■ **EXTRACTED RECORDS**

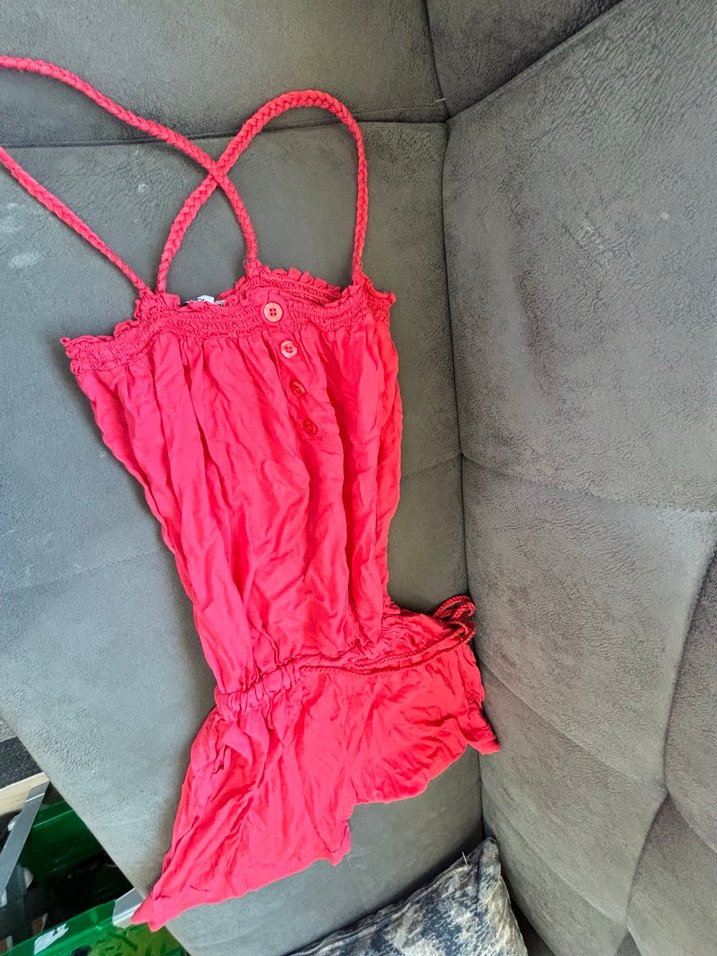 Pembe Drapeli şortlu tulum - Görsel 3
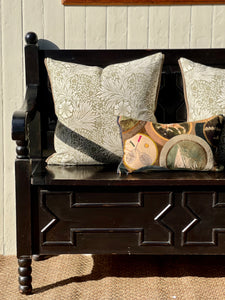Antique Dark Wooden Settle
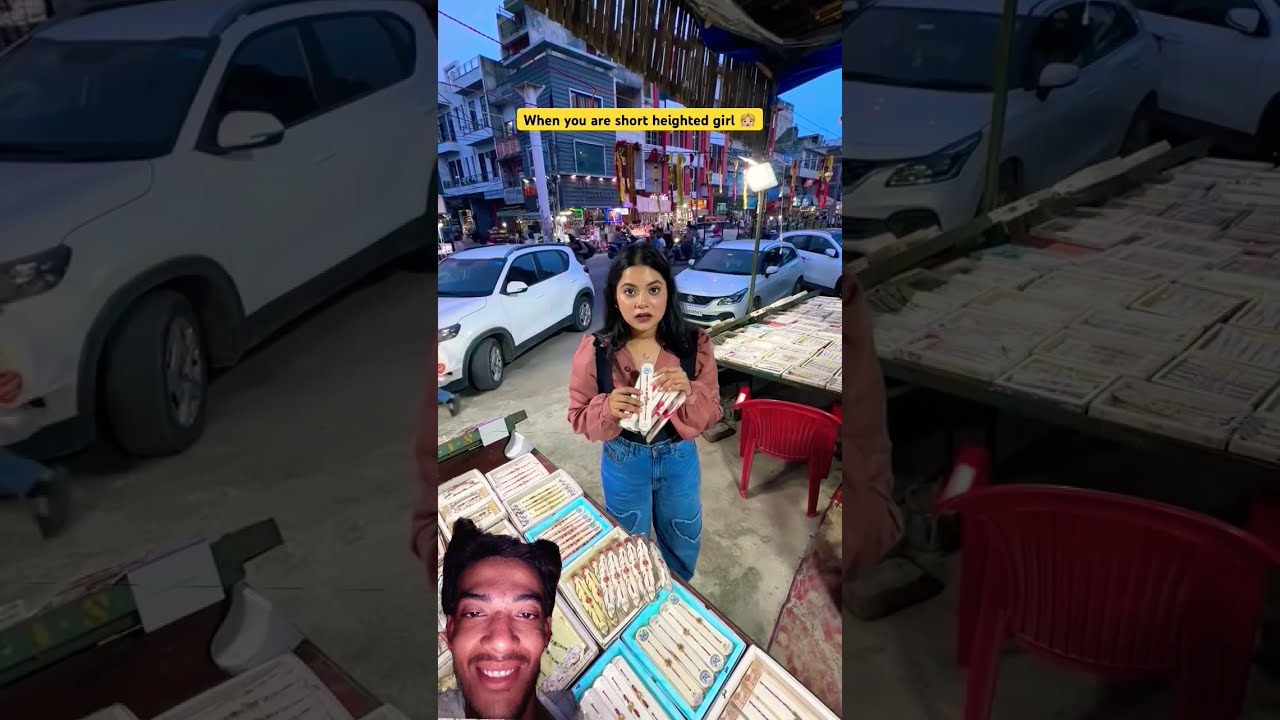 When You Are Short Heighted Girl Funny Comedy Ytshorts Sejalgabashorts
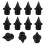20Pièces Pointes En Acier Noires Pour Chaussures De Course Saut 8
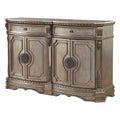 Northville - Server With Wood Top - Antique Silver
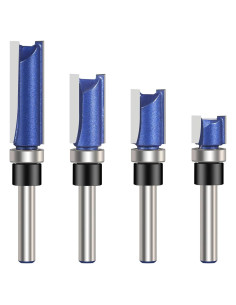 Juego de Brocas de Rebaje Vearter 4PCS 12.7mm con Guía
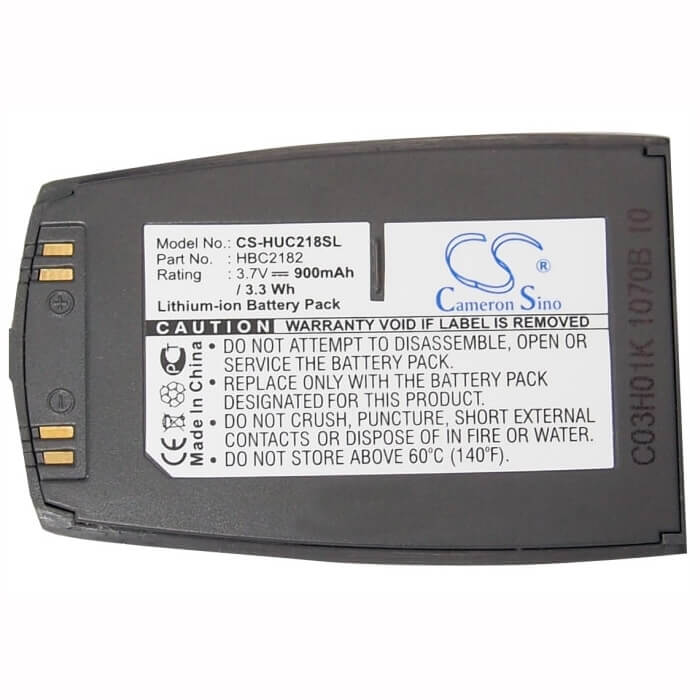 3.7V, Li-ion, 900mAh, SmartPhone battery fits Huawei, Hbc2182, C218, 3.33Wh Mobile, SmartPhone Cameron Sino Technology Limited (Smartphone)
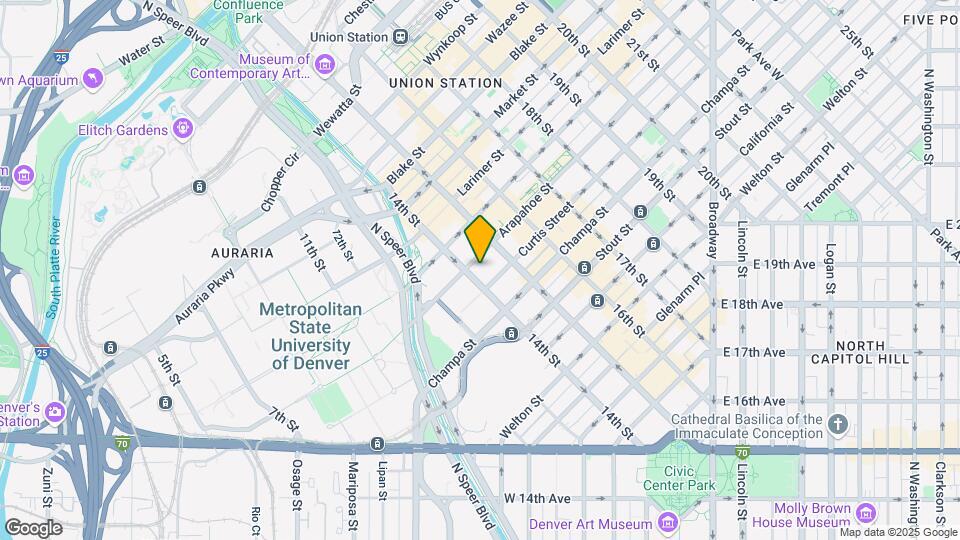 Auraria Student Lofts Map and Location Details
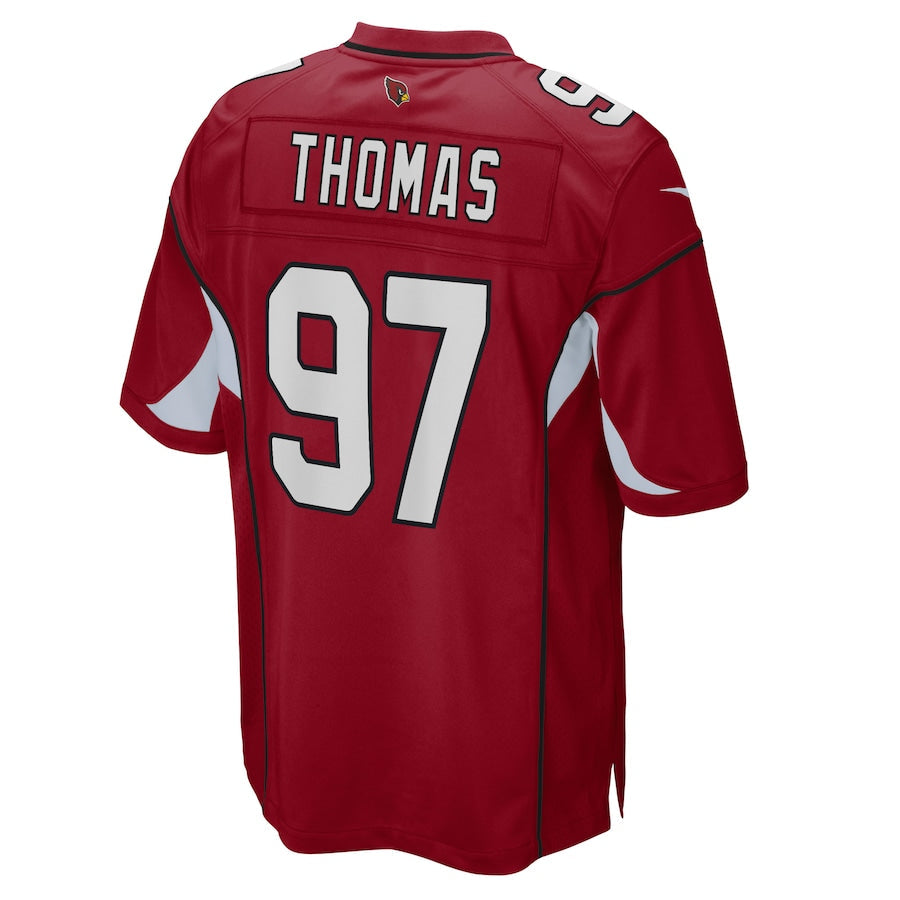 A.Cardinals #97 Cameron Thomas Cardinal Game Player Jersey Stitched American Football Jerseys - Main View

■ **INSTRUCTIONS FOR THE TASK**
Nothing but the lines from the one that holds "When You Are" through the end of the data should appear, written out exactly, without pictures.

■ **PROBLEM SOLUTION**
 When You Are Short Heighted Girl Funny Comedy Ytshorts Sejalgabashorts
20Pièces Pointes En Acier Noires Pour Chaussures De Course Saut 8
 Northville - Server With Wood Top - Antique Silver
 Juego de Brocas de Rebaje Vearter 4PCS 12.7mm con Guía
 3.7V, Li-ion, 900mAh, SmartPhone battery fits Huawei, Hbc2182, C218, 3.33Wh Mobile, SmartPhone Cameron Sino Technology Limited (Smartphone)
 Auraria Student Lofts Map and Location Details
 A.Cardinals #97 Cameron Thomas Cardinal Game Player Jersey Stitched American Football Jerseys - Main View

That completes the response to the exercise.